The Mercedes driver received the Hawthorn Memorial Trophy, awarded annually since 1959 to the most successful British or Commonwealth driver in the previous year’s championship, at Silverstone.
A roll call of greats have won the trophy in the past, including Australian Jack Brabham, Stirling Moss, Jim Clark, Jackie Stewart, James Hunt, Nigel Mansell, Jacques Villeneuve and Damon Hill.
Hamilton won 11 races in 2014 on the way to his second championship.
“That’s a real trophy,” he said after collecting the memorial to Britain’s first world champion Mike Hawthorn, who won the title with Ferrari in 1958 and died in a road accident a year later.
“To be amongst all these great names on here, that’s what a real trophy should have — all this history. When I am talking about trophies...this is what I’m talking about. This is class, this is history.
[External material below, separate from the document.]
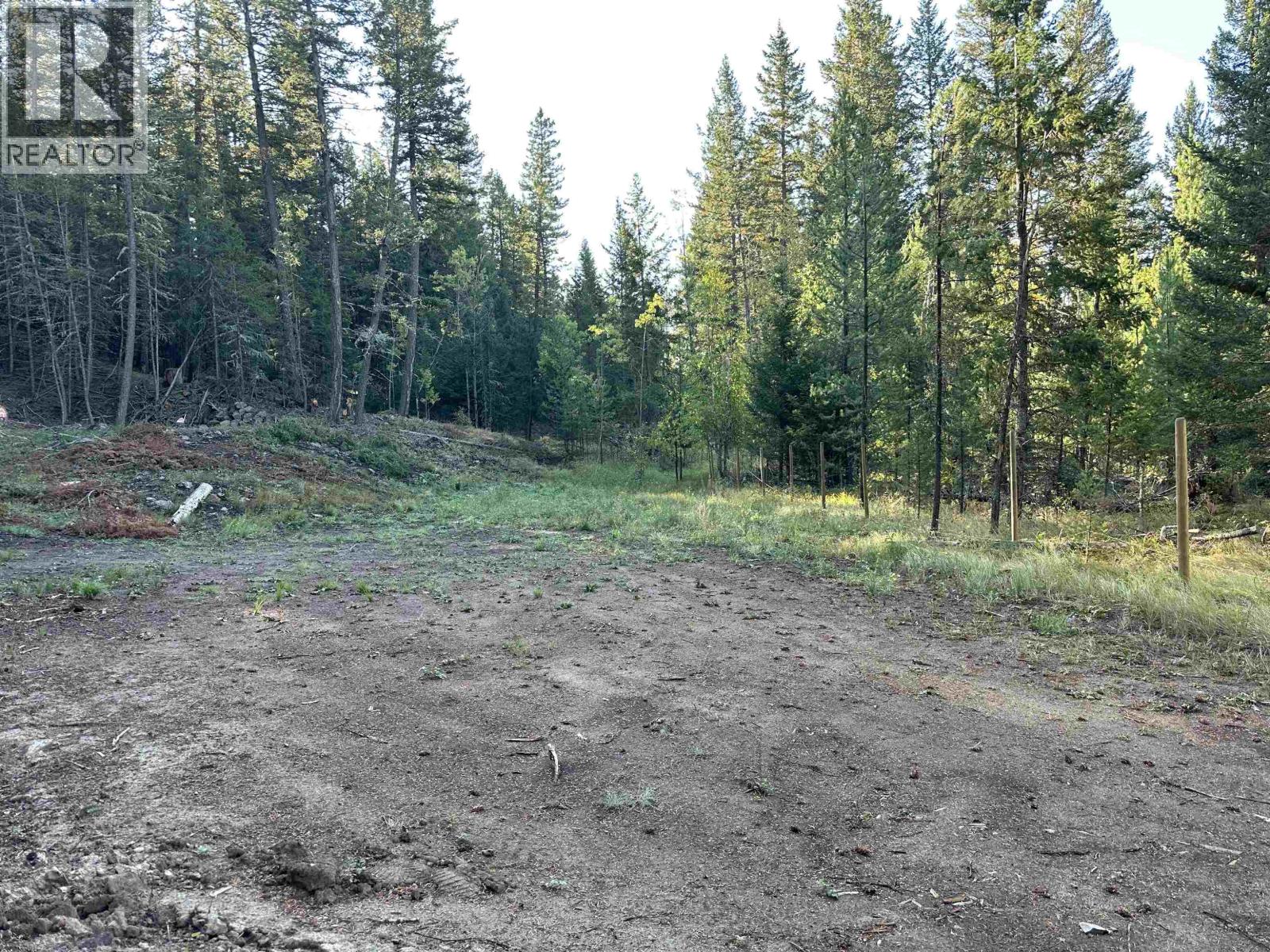 LOT 22 BLACKSTOCK ROAD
“It’s real silverware. And that’s what I race for. When I finish a race, that’s the best reward you can get. I relate it to Olympians who go out there and get the gold medals. It’s no cheap plastic, it’s real.”
Speaking earlier in the week, Hamilton had questioned the quality of some of the trophies he had been presented with on the podium.
“The last one in Austria was wooden, the whole thing was wooden. The base was like lead. I mean, what? It’s supposed to be silver,” he had said of the offering he received after finishing second to team mate Nico Rosberg at Spielberg.
Last year he had expressed his dissatisfaction with the ‘plastic’ trophies handed out at Silverstone by race sponsor Santander.
The winner of the British Grand Prix traditionally has his name engraved on the golden Royal Automobile Club (RAC) trophy, first awarded in 1948.
Hamilton will be hoping to get his hands on that one as well on Sunday.